It could be your glass shelves. Just because your Series2 worked fine doesn't mean that your glass shelves aren't the issue. The IR receiver in the TivoHD isn't necessarily positioned in exactly the same way as the IR receiver in the Series2, so it could be more sensitive to off-axis (i.e. reflected) IR signals. I know some people with glass shelves have been able to improve remote response by moving the TiVo forward so it is level with the edge of the shelf or a slight overhang.

If that doesn't work, but you see improved remote response from a few inches away, then I would suggest a Next Generation Remote Control Extender ($33 @ Amazon, when in stock). That will add UHF capability to the TiVo remote. With this product, you place the included IR receiver "eye" over the IR sensor on the front of the TiVo and cover it with black electrical tape to prevent interference from reflected IR signals.

The TiVo's IR sensor is located to the right of the record lights and just to the left of the "Fixed" text; if you have trouble locating it, shine a flash light on the front of the TiVo and look for the round circle just to the left of the "Fixed" text.


----------



## schwinn (Sep 18, 2004)

So, you're saying my RS corrected/uncorrected isn't too bad... I will reconnect my amplifier, get the signal back up to 100, and 37db, and report the RS values then. I think they were similar... either way, I have attenuators on the way...

My glass shelves are on the left and right of the TV, in separate cabinets. They are not anywhere near the TivoHD nor the S1 (which is sitting on a large speaker to the right of the entertainment center.

Picture a setup like this: http://g-ec2.images-amazon.com/images/I/41BWGM38BPL._home-office-furniture_.jpg where the only glass shelves are on the right and left "towers", and both towers are "recessed" from the center section, as seen in that picture. TivoHD is below the TV in the center-left slot (in a pocket RIGHT under the TV, as is the situation on my entertainment center - not the TV isn't sitting on the Tivo) and the S1 is on a speaker to the left of the left-side tower. Again, these towers have 3 horizontal glass shelves... the rest is all wood and opaque.

The only other glass in the room are the big windows, just to the left of the left-speaker. The S1 used to be where the TivoHD was, and never had this problem there either. There is also now a warranty-replacement TivoHD sitting on top of the S1 (on the left speaker) and it, too seems to have these issues. So, I am very skeptical of "placement" and "glass" issues in my setup. Just to remind you, I also tested with the TV off (Plasma) and the problem persists.

I don't see improved response from close up.

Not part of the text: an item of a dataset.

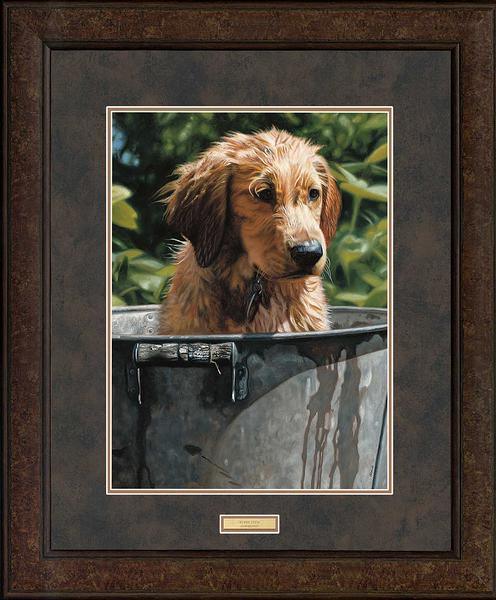 puppy-stew-golden-retriever-framed-print-aldrich-EPR0154960D_10ac2a87-2bd6-4fb2-b905-658b91394602.jpg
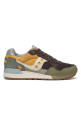 SAUCONY SHADOW 5000 MULTI BARIOLE 3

I sit right in front of the TV and center-installed TivoHD, so the remote is usually pointed there. The S1 and replacement-TivoHD are off the the left, of course. Even off-axis like that, the S1 doesn't have any issues.

I know where the IR receiver is on the TivoHD... I am pretty much right in front of it and pointing the remote towards it.

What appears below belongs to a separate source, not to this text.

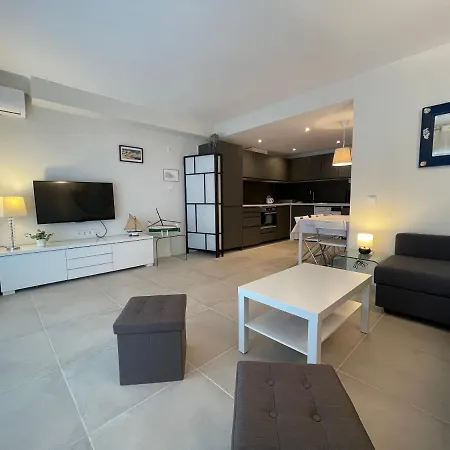 Antic Plankton - Sa Riera - Free Parking, Beach, Wifi, Perfect Holidays Begur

I'm running out of ideas. I may try taking a video of the problem, to show (more clearly) what it is. In words, again, if press the play button, then release for 1 second, then press play again... many times (1/2 to 1/3 of the time) the second press is completely missedby the TivoHDs. That's not to say the missed signals ONLY happen on subsequent presses... they can happen on the first press as well. It's just VERY repeatable when I do it this way. The S1, of course, sees ALL the presses, with zero issues... even when the remote is pointed at the TV (not at the S1 about 4 feet to the left, as I described).

Again, I appreciate the help... I just can't figure out why this could be happening. As far as I can see, everything seems to be pointing to a hardware/software problem in the TivoHDs...


----------



## schwinn (Sep 18, 2004)

Amplifier plugged back in. RS values are much better - digital channel is showing 300-ish RS corrected and uncorrected, over 11,000+ seconds. The other channel is similarly much better. So, the amplifier is a good thing, even though the signal strength is 100, and the SNR is about 36-37db.

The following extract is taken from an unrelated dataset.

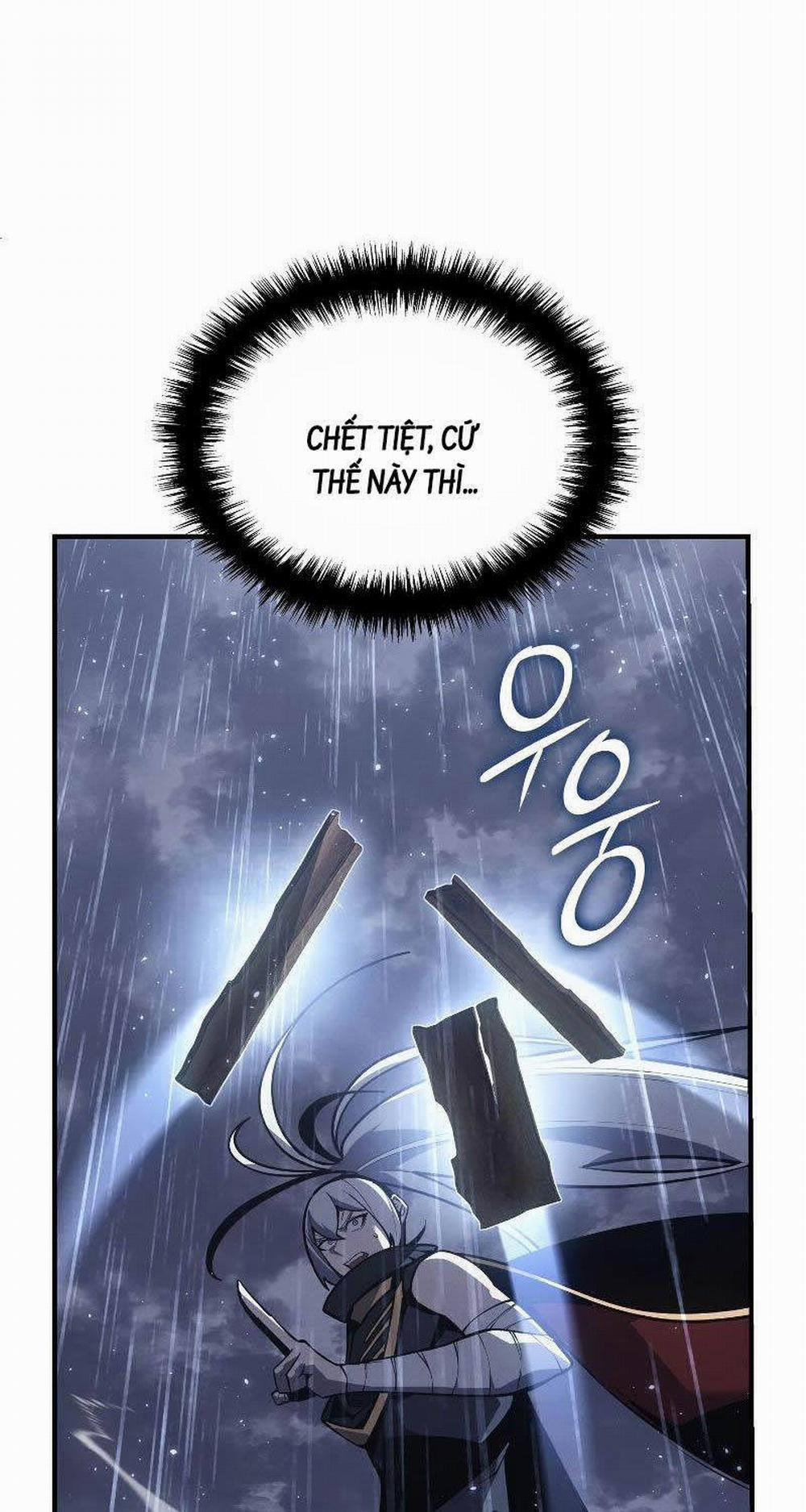 Băng Vương 3 trang 44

So, that means Tivo support was blowing smoke about the signal strength... nice.

Needless to say, the remote is still doing the same thing - misses commands... looks like my attenuators aren't going to help me with this issue. Thanks for nothing, Tivo support.

Anyone have any ideas or other things I can try?


----------



## Phantom Gremlin (Jun 20, 2002)

schwinn said:


> Anyone have any ideas or other things I can try?


Eliminate *everything* in the room (and in any adjacent rooms) that has power going to it (except, obviously, for the TiVo). E.g. do you have CF bulbs? The flickering may be causing interference. Draw your blinds. Add blackout curtains if you have to!

Is there another source of IR? E.g. do you have one of those RF to IR remotes for something else? Power it down. Power *everything* down.

Plug your TiVo directly into a wall outlet; no UPS; no surge protector.

You should be in a dark cave, just you, your remote control, and your TiVo. Your TV should be off (from your description you should be able to recognize the problem by watching the front of your TiVo).

It might not solve your problem, but you seem desperate, so it's worth a shot.

BTW when you got your replacement TiVo's, did you also get replacement remotes?


----------



## comgenius1 (Feb 16, 2004)

schwinn said:


> =
> 
> My glass shelves are on the left and right of the TV, in separate cabinets. They are not anywhere near the TivoHD nor the S1 (which is sitting on a large speaker to the right of the entertainment center.


Is that "large speaker" magnetically shielded? If not, it can wreak havoc on the hard drives in your tivos. Also, the vibrations from the speaker could cause the hard drive heads to move unintentionally, and your tivo is having to wait for the drive to recover and re-read those bits of information.


----------



## schwinn (Sep 18, 2004)

Phantom: You mean illumination, or any device period?

Illumination-wise, I have already turned everything in the room (and adjacent rooms) off (lights, receiver, TV, etc... during the daytime, of course) except for the other TivoHD and S1. I have also removed all shiny things from the coffee table between me and the TV, as well as all remotes, etc. Even the laptop on that table has been turned off and closed. All of this was done with Tivosupport. Still, BOTH TivoHDs continue to exhibit this problem, while the S1 does not.

Last night, again, it was more prevalent (and annoying) when both tuners were recording. It seems less prevalent when it's not recording.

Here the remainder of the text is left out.